## WHAT TO DO
With the line containing "Specjalistyczne uzbrojone formacje" as the starting point, output the remaining lines of the data exactly as they are, through the last.

Items from a dataset

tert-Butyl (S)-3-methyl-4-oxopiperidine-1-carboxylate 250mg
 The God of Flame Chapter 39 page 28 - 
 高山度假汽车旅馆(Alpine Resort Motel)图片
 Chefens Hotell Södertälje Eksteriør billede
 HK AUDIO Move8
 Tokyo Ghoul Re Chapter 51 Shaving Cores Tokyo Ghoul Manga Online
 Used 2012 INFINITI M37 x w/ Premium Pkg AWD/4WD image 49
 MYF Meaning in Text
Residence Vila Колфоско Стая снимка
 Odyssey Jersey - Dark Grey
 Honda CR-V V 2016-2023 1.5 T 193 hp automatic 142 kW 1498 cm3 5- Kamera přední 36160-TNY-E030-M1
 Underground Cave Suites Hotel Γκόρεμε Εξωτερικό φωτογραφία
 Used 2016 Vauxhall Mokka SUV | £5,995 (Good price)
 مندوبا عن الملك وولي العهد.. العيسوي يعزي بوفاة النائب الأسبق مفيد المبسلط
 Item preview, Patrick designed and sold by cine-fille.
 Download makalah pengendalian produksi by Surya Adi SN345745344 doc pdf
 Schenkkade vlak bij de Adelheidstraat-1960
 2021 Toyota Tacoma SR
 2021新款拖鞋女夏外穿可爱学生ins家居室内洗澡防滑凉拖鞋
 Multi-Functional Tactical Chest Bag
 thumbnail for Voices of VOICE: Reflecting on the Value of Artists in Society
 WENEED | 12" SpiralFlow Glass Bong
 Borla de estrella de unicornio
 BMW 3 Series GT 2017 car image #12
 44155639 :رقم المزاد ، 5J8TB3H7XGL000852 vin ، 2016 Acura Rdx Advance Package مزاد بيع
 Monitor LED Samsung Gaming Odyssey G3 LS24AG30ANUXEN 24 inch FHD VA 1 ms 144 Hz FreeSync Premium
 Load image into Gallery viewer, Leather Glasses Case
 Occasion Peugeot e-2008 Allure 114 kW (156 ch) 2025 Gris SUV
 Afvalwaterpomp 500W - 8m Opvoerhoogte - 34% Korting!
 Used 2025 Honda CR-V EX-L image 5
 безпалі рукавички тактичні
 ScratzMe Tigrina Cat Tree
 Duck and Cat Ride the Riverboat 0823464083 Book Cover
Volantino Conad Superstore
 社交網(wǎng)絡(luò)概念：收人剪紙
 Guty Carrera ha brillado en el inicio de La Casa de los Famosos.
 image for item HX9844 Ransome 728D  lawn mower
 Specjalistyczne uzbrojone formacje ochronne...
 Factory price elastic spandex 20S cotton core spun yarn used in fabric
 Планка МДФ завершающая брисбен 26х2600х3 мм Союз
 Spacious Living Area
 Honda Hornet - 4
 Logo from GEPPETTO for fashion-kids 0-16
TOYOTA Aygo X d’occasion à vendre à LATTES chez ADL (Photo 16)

## SOLUTION
 Specjalistyczne uzbrojone formacje ochronne...
 Factory price elastic spandex 20S cotton core spun yarn used in fabric
 Планка МДФ завершающая брисбен 26х2600х3 мм Союз
 Spacious Living Area
 Honda Hornet - 4
 Logo from GEPPETTO for fashion-kids 0-16
TOYOTA Aygo X d’occasion à vendre à LATTES chez ADL (Photo 16)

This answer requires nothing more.